• _Given data_
________________________________________
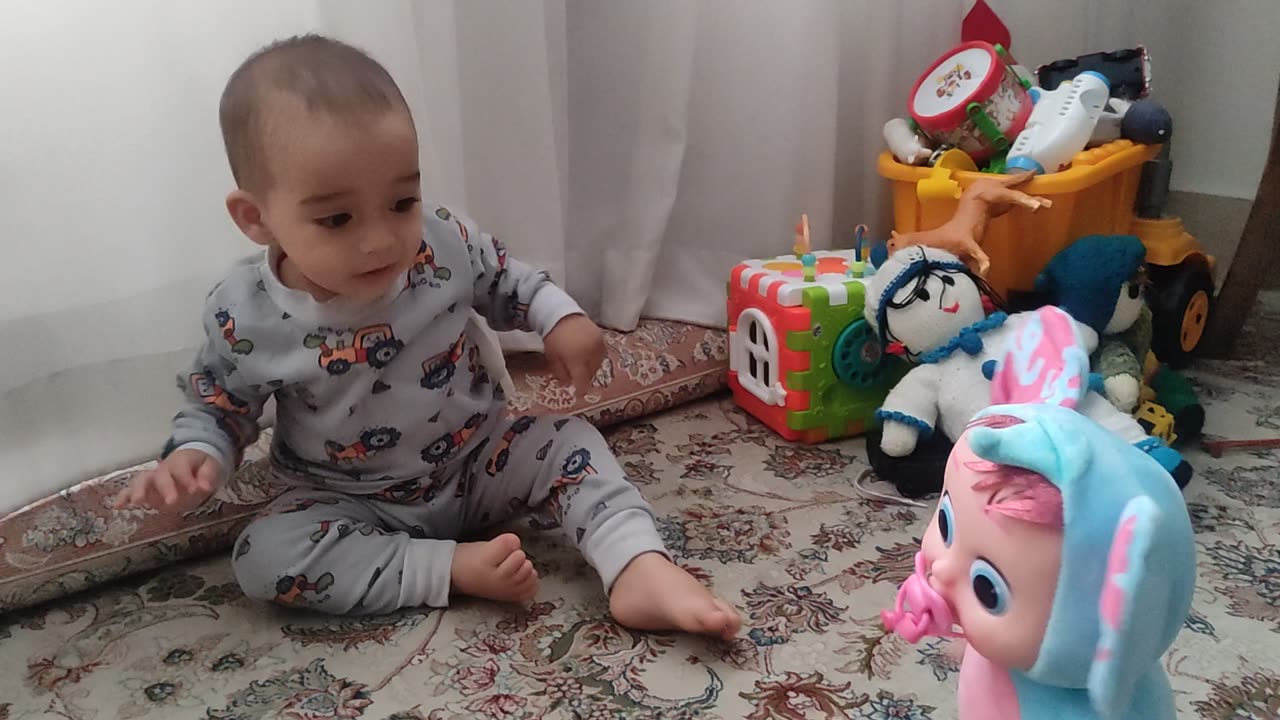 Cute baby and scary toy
________________________________________
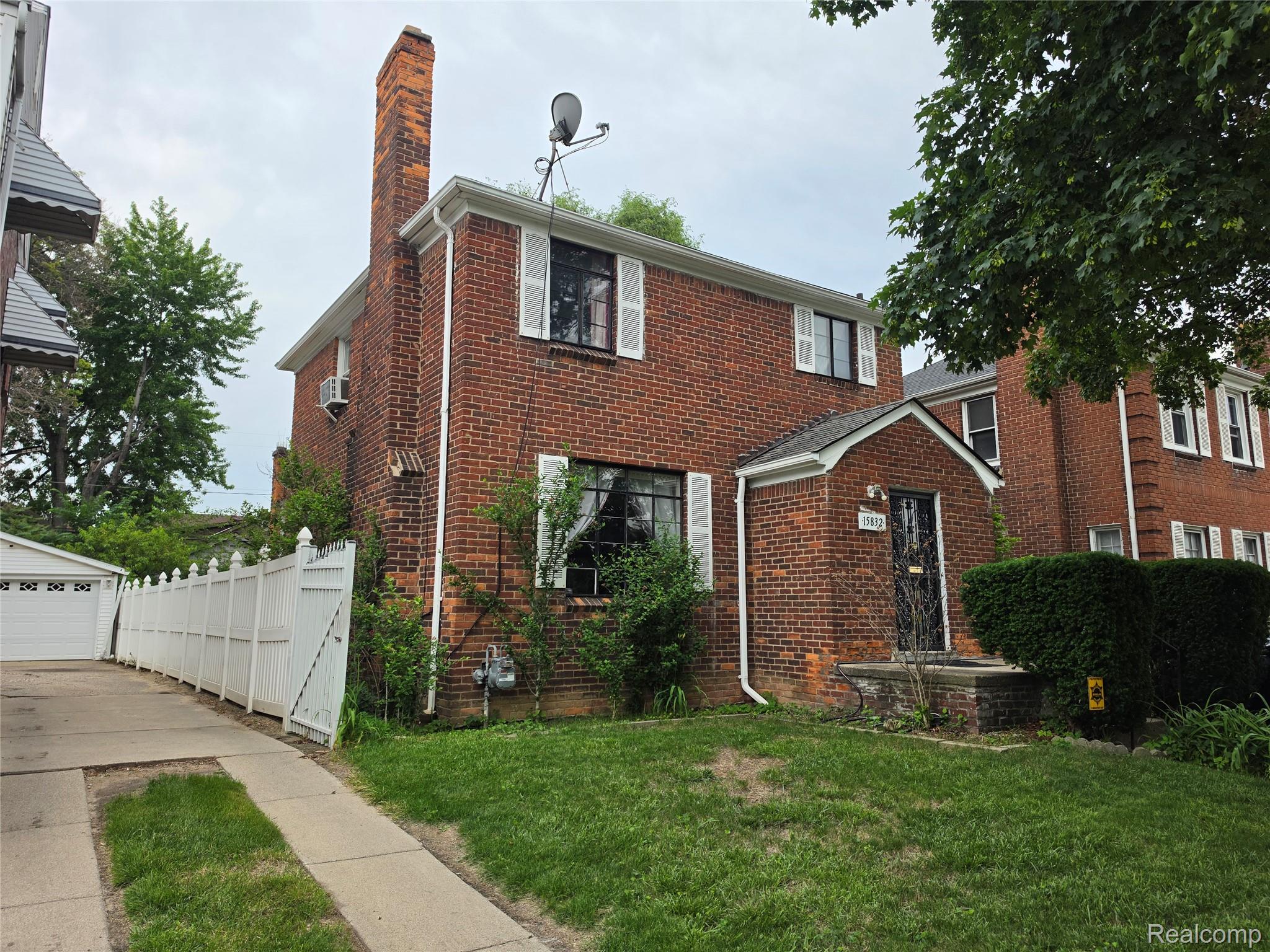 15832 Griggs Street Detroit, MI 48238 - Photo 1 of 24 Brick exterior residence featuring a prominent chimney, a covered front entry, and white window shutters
________________________________________
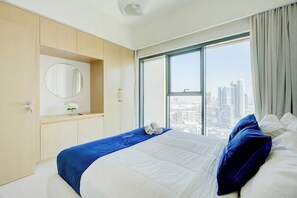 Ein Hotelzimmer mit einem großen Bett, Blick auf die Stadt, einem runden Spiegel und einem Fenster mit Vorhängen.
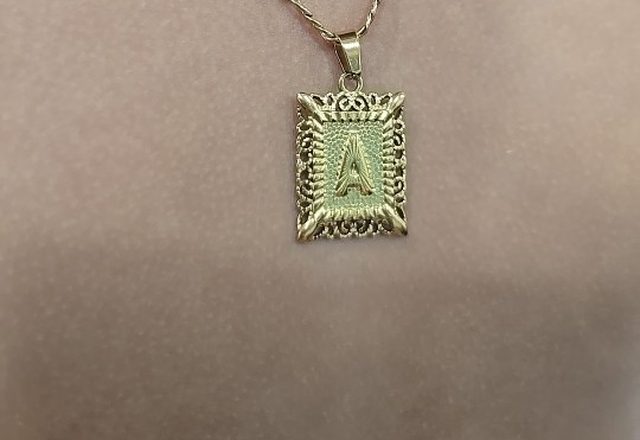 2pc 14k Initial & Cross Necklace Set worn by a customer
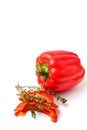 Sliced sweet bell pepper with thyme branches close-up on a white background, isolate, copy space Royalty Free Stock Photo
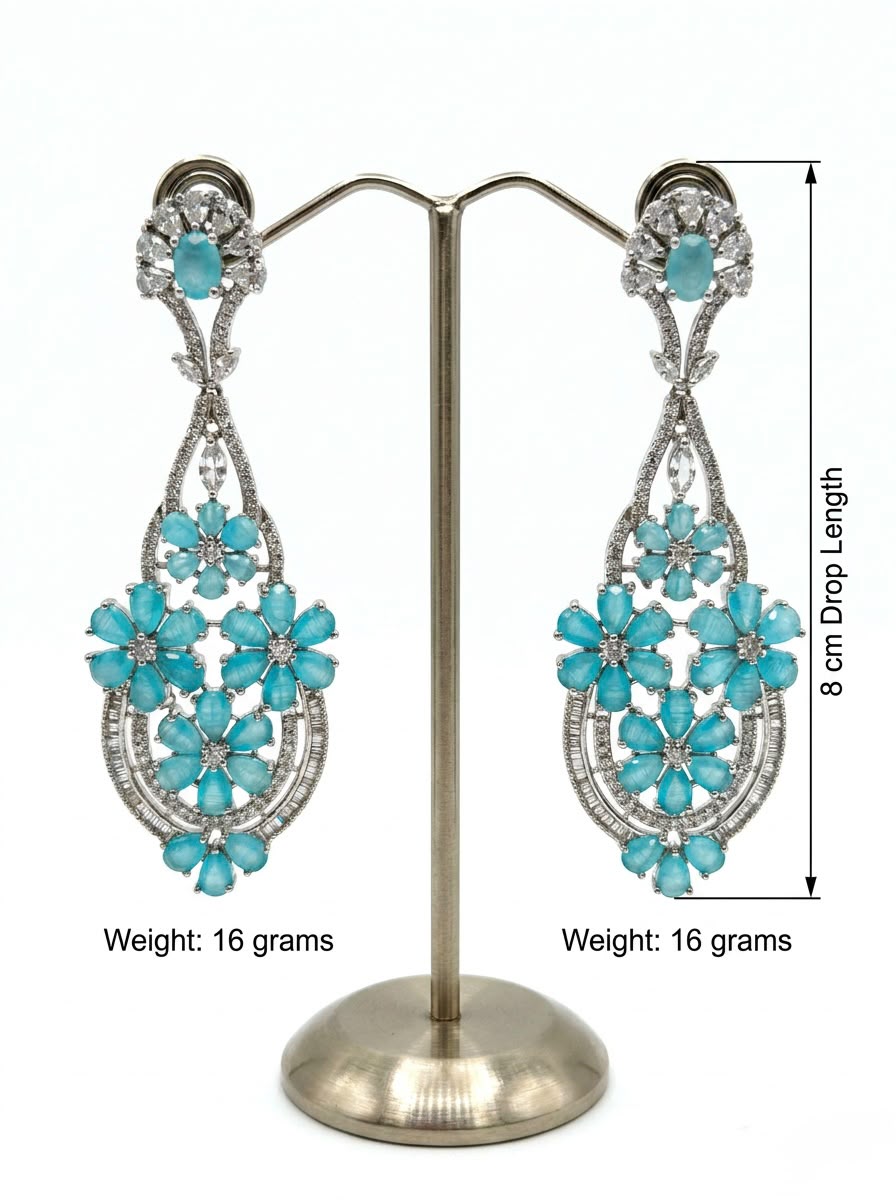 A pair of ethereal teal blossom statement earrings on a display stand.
________________________________________
• _Required work_
Leaving each picture behind, please give again exactly the lines above from the one with "Ein Hotelzimmer mit" through the one with "A pair of ethereal", both included, and no others.

• _Expected output_
 Ein Hotelzimmer mit einem großen Bett, Blick auf die Stadt, einem runden Spiegel und einem Fenster mit Vorhängen.
 2pc 14k Initial & Cross Necklace Set worn by a customer
 Sliced sweet bell pepper with thyme branches close-up on a white background, isolate, copy space Royalty Free Stock Photo
 A pair of ethereal teal blossom statement earrings on a display stand.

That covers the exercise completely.